Expectation Maximization and Variational Inference (Part 2)

In the previous post, we covered variational inference and how to derive update equations. In this post, we will go over a simple Gaussian Mixture Model with the Dirichlet prior distribution over the mixture weight.

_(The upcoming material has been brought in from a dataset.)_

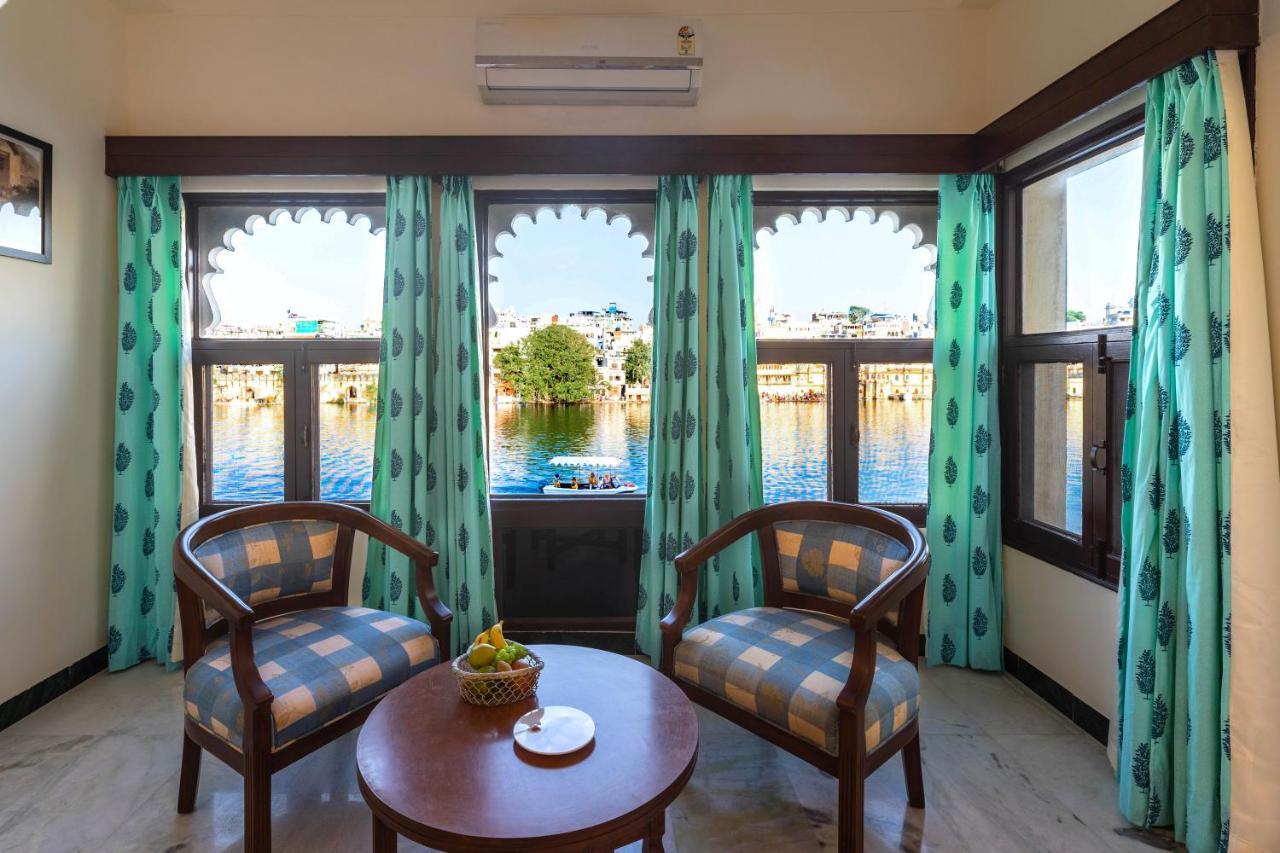 Sarovar - Lake Facing Boutique Hotel On Lake Pichola Удайпур Екстер'єр фото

Let $x_n$ be a datum and $z_n$ be the latent variable that indicates the assignment of the datum $x_n$ to a cluster $k$, $z_{nk} = I(z_n = k)$. We denote the weight of a cluster $k$ with $\pi_k$ and the natural parameter of the cluster as $\eta_k$.

The graphical model of the mixtures looks like the following.

Formally, we define the generative process $p(\pi|\alpha), p(z_n; \pi_0), p(x_n | z_z, \eta)$. Unlike Bishop ¹ and Blei et al. ², we will not use prior over the natural parameter $\eta$ for simplicity. The notation and the model are similar to that used in Blei et al. ². With overloading notation,

$$ \begin{align} p(\pi | \alpha_0) & = \mathrm{Dir}(\pi; \alpha_0) \\ p(z_n | \pi) & = \prod_k \pi_k^{z_{nk}} \\ p(x_n | z_n, \eta) & = \prod_k \mathcal{N}(x_n ; \eta_k)^{z_{nk}} \end{align} $$

And the log joint probability is

$$ \log p(\mathbf{x}, \mathbf{z} ; \eta, \alpha_0) = \sum_n \sum_k z_{nk} [\log \pi_k + \log \mathcal{N}(x_n ; \eta_k)] + \log \mathrm{Dir}(\pi; \alpha_0) $$

Meanfield Approximation

In this example, let’s use the meanfield approximation and make the posterior distribution of the latent variables $z$ and $\pi$ independent. i.e.

$$ q(z, \pi) = q(z)q(\pi) $$

From the previous post, we know that the optimal distribution $q(\cdot)$ that maximizes the evidence lower bound is

$$ \log q(w_i) = \mathbb{E}_{w_{j}, j\neq i} \log p(x, \mathbf{w}) $$

where $w_i$ is an arbitrary latent variable. Thus, we can use the same technique and find $q(z)$ and $q(\pi)$.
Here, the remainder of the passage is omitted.